Die Befragung jedenfalls kam zu dem für die Buchanhänger zufrieden stellenden Ergebnis, dass nur zwei Prozent der Kinder angeben - oder so ehrlich sind zu sagen -, dass sie weniger als früher aufgrund der Benutzung von Computern, CD.-ROMs oder dem Internet lesen. Ansonsten ist Bücherlesen weiterhin die Freizeittätigkeit Nummer 1 der Briten. 80 Prozent der Erwachsenen gaben immerhin an, dass sie wöchentlich fünfeinhalb Stunden zu ihrem Vergnügen Bücher lesen.

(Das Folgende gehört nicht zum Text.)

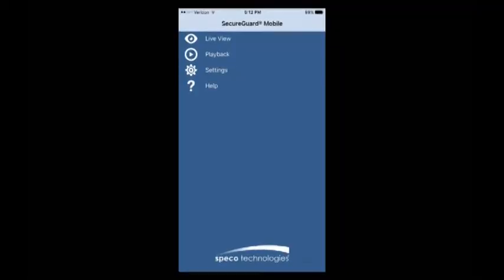Once you have the SecureGuard mobile app open, to add our IP camera we're going to press Settings and then Devices.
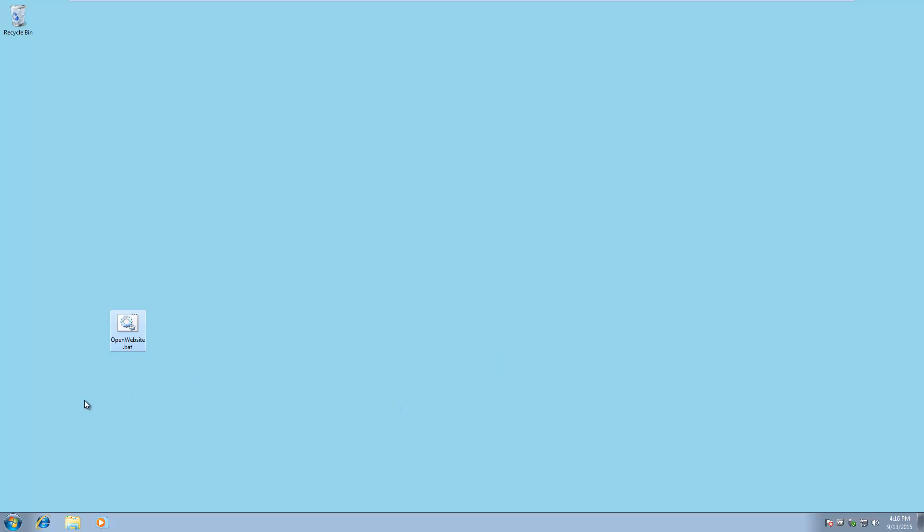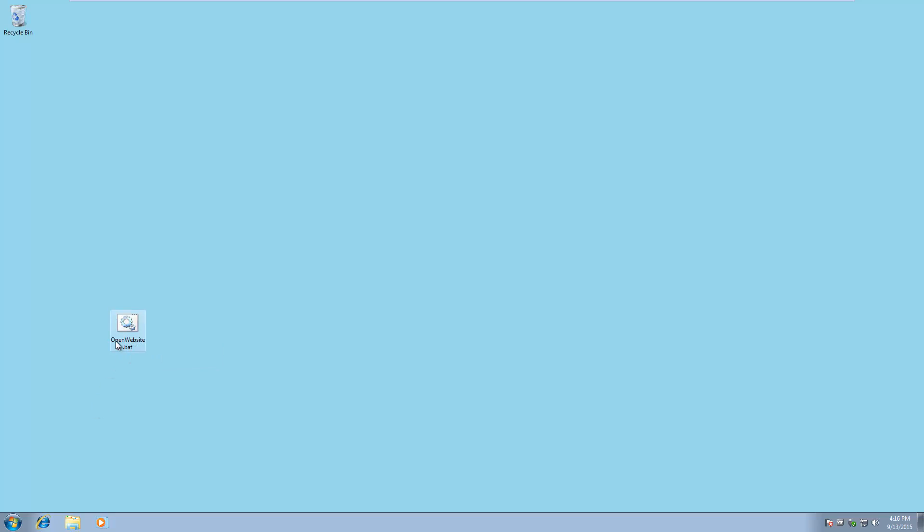Hello guys, I have another video for you on how to pin a bat file shortcut link on your taskbar. So what I want to do is drag this to my taskbar and create a link.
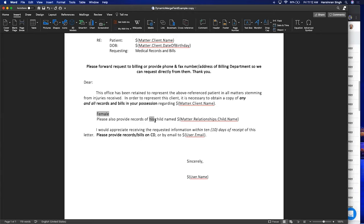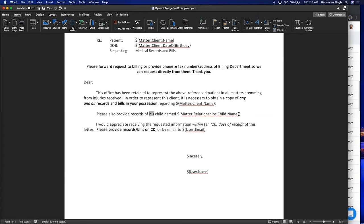There are times when you need to create similar documents for different people on the same matter — for example, a family case where you need a document for each child. This is where dynamic merge fields come in. Dynamic merge fields are for relationships, so if you have the same relationship type for multiple people on a matter, like relationship.child.name, you can create separate documents for each one.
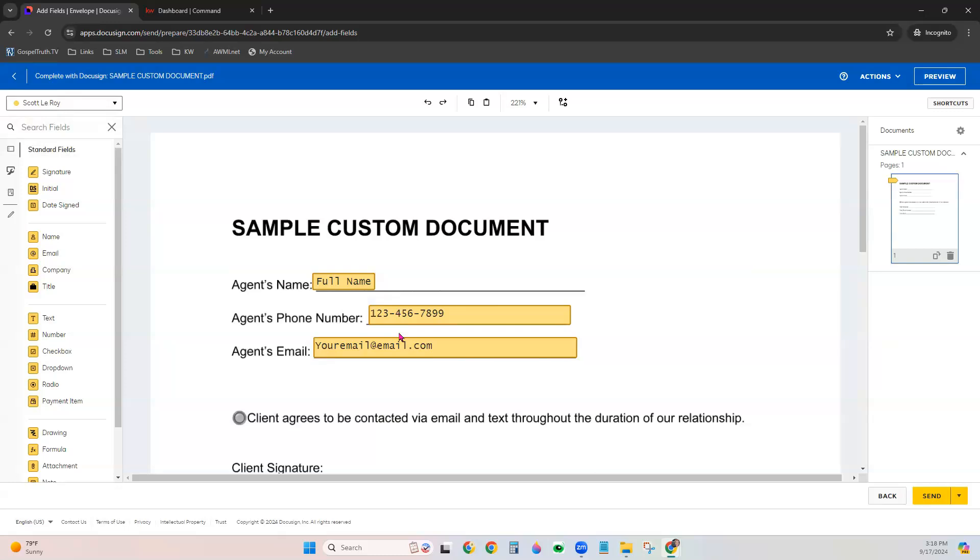If you have any questions at all about how to create or apply these templates, please reach out to us at support at scottleroymarketing.com and we'll be happy to help. Thanks for watching.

Interessant ist an der Befragung eigentlich etwas anderes. Bis zum Alter von fünf Jahren haben 15 Prozent der Kinder bereits damit angefangen, Informationen im Internet oder auf CD-ROMs zu suchen. Im Alter von 15 Jahren benutzen 58 Prozent der Jugendlichen diese Informationsquellen, geringfügig weniger als diejenigen, die dafür Bücher benutzen, doch später geht diese Verwendung des Internet oder von CD-ROMs zur Informationsbeschaffung wieder stark zurück, während dazu eher Bücher genommen werden.